### INSTRUCTIONS TO FOLLOW
Up to and including the line that holds "Wijkmanska gymnasiet 32", print the data exactly from its first line; do not print the pictures.
• • • • • • •
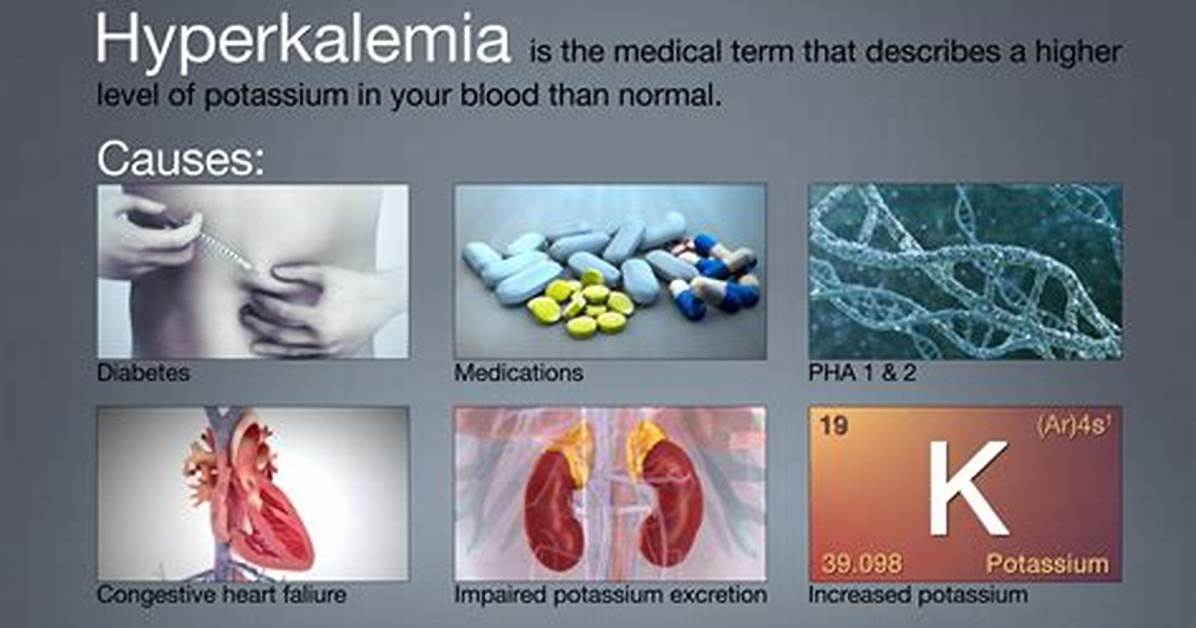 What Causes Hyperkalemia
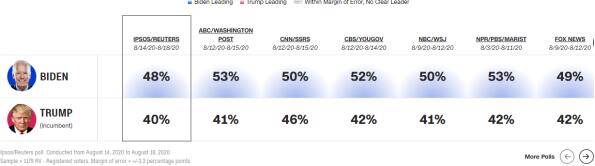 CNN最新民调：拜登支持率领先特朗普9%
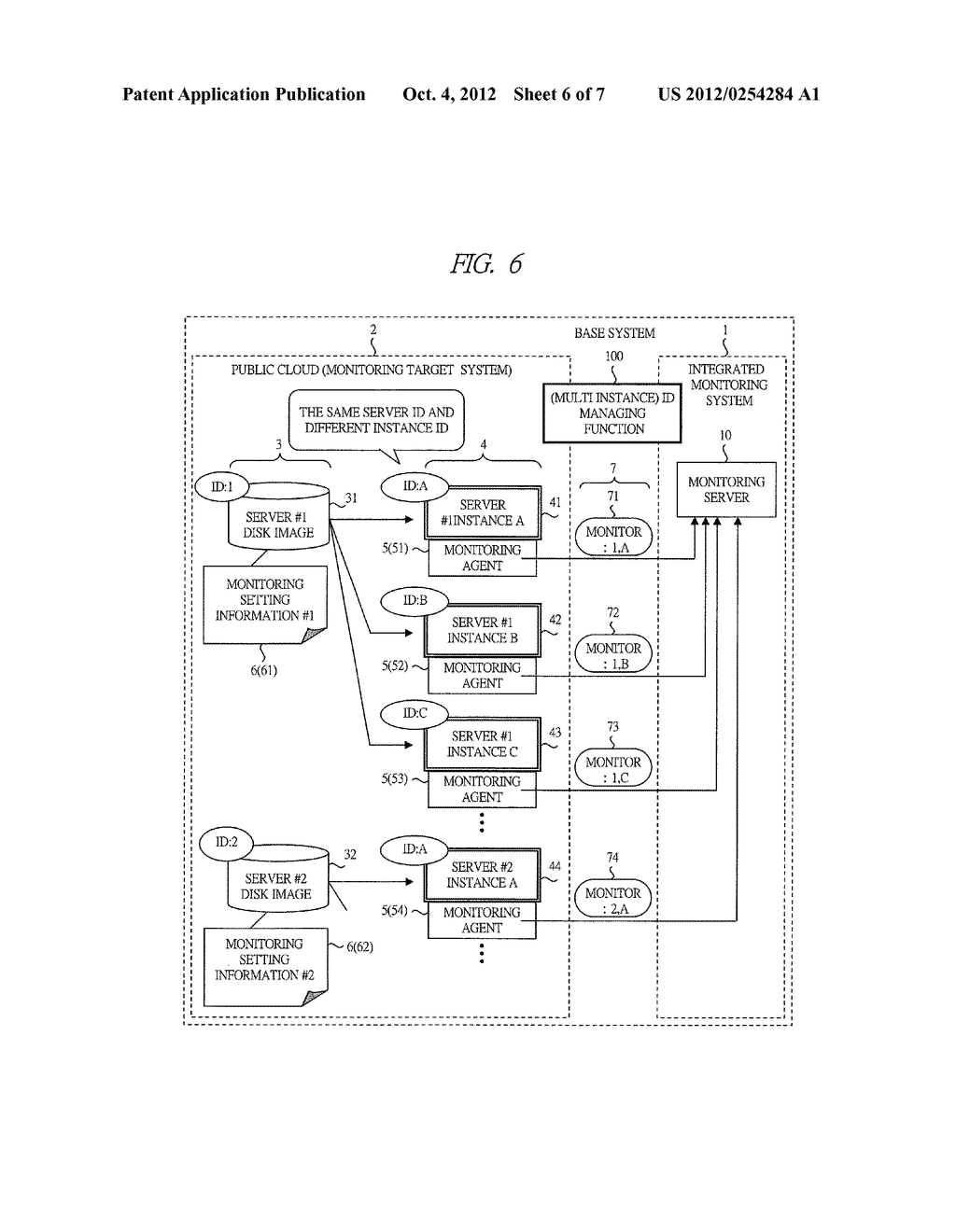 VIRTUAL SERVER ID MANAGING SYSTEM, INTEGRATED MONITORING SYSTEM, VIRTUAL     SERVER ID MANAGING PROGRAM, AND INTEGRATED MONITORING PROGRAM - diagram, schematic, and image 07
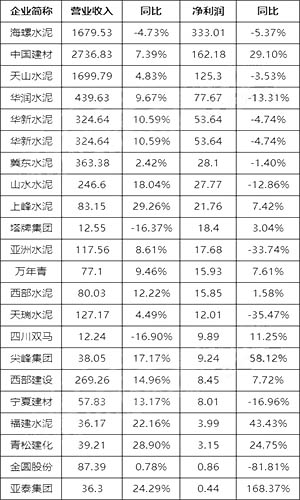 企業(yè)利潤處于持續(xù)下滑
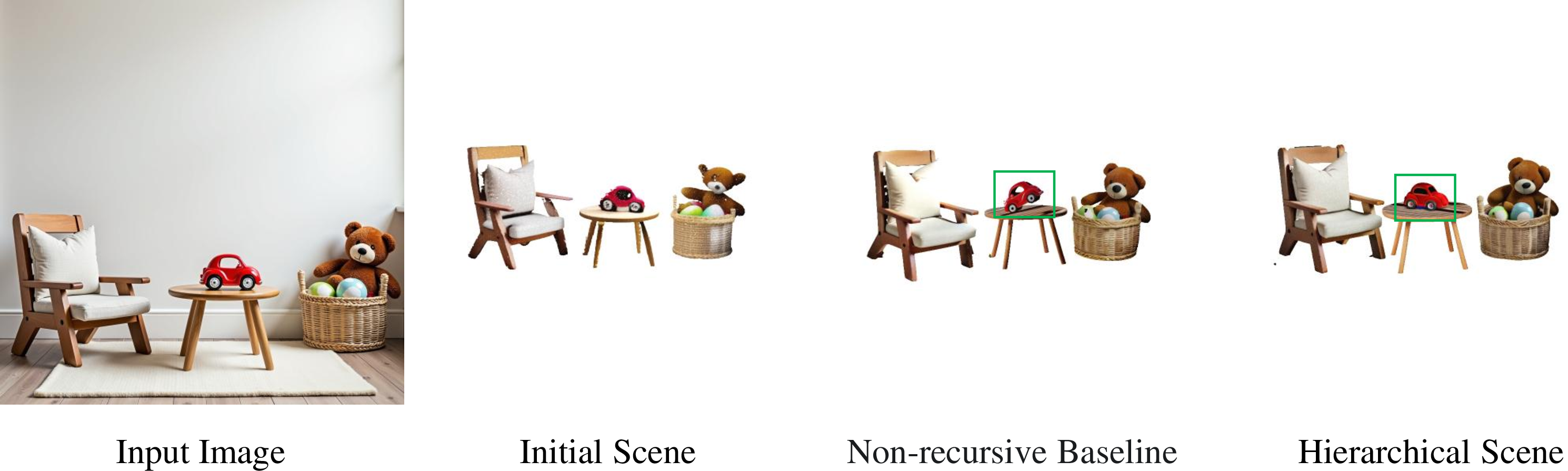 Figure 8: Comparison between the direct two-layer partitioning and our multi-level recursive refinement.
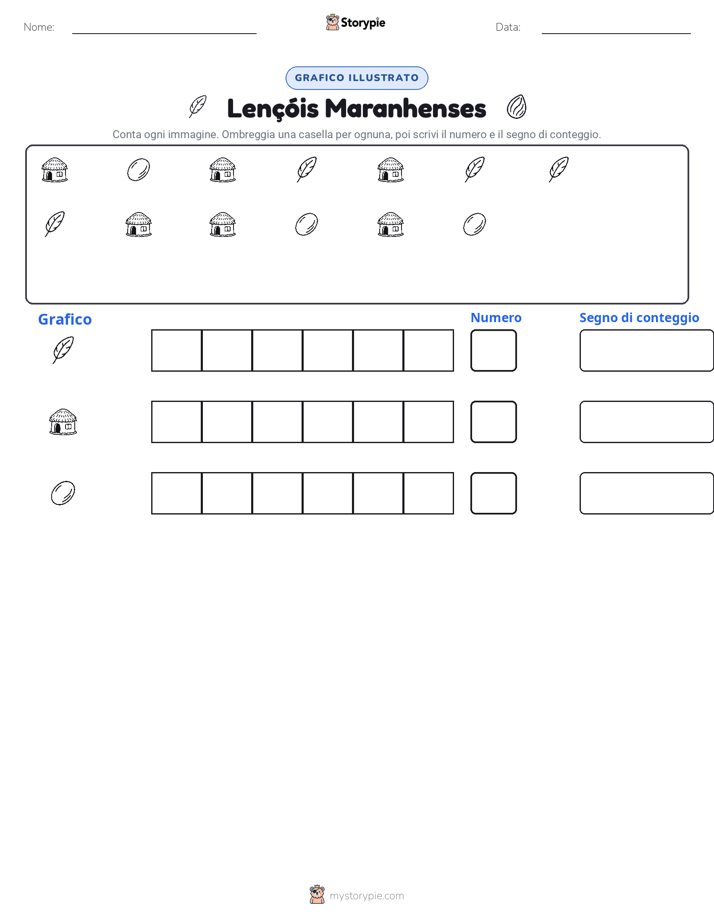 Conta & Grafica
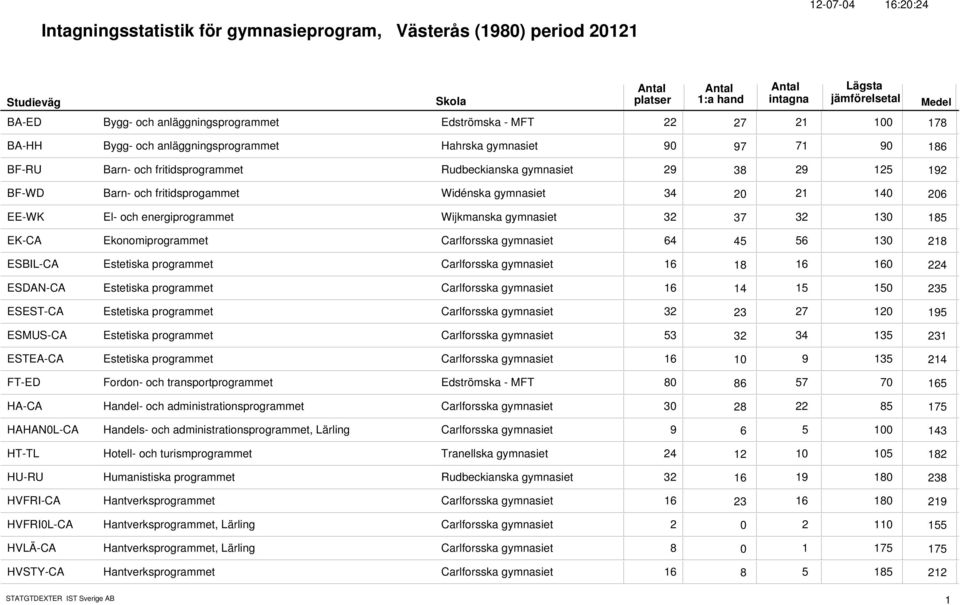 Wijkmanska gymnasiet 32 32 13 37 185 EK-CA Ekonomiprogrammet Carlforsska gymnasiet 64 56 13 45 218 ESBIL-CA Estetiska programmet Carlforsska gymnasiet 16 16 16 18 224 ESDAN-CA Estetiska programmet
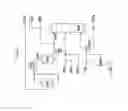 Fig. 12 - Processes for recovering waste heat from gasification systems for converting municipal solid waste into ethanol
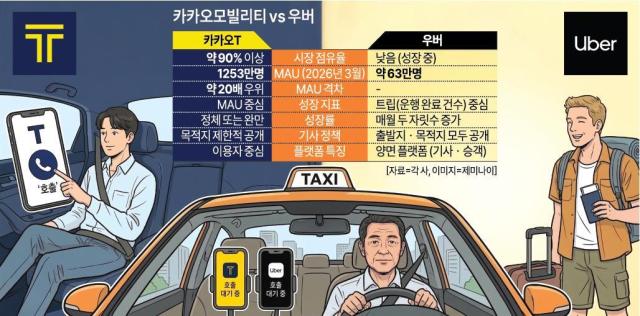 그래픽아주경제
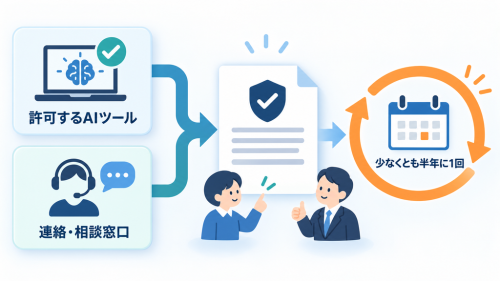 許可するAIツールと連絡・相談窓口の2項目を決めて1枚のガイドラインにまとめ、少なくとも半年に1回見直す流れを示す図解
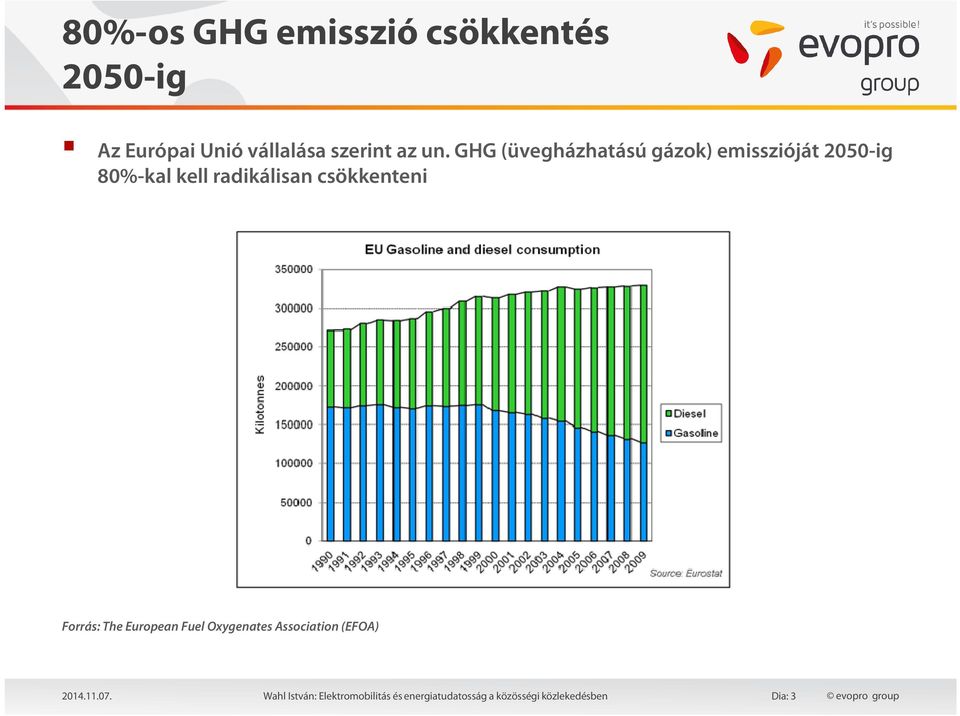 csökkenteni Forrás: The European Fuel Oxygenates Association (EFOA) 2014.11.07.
• • • • • • •
### ANSWER TO THIS PROBLEM
 What Causes Hyperkalemia
 CNN最新民调：拜登支持率领先特朗普9%
 VIRTUAL SERVER ID MANAGING SYSTEM, INTEGRATED MONITORING SYSTEM, VIRTUAL     SERVER ID MANAGING PROGRAM, AND INTEGRATED MONITORING PROGRAM - diagram, schematic, and image 07
 企業(yè)利潤處于持續(xù)下滑
 Figure 8: Comparison between the direct two-layer partitioning and our multi-level recursive refinement.
 Conta & Grafica
 Wijkmanska gymnasiet 32 32 13 37 185 EK-CA Ekonomiprogrammet Carlforsska gymnasiet 64 56 13 45 218 ESBIL-CA Estetiska programmet Carlforsska gymnasiet 16 16 16 18 224 ESDAN-CA Estetiska programmet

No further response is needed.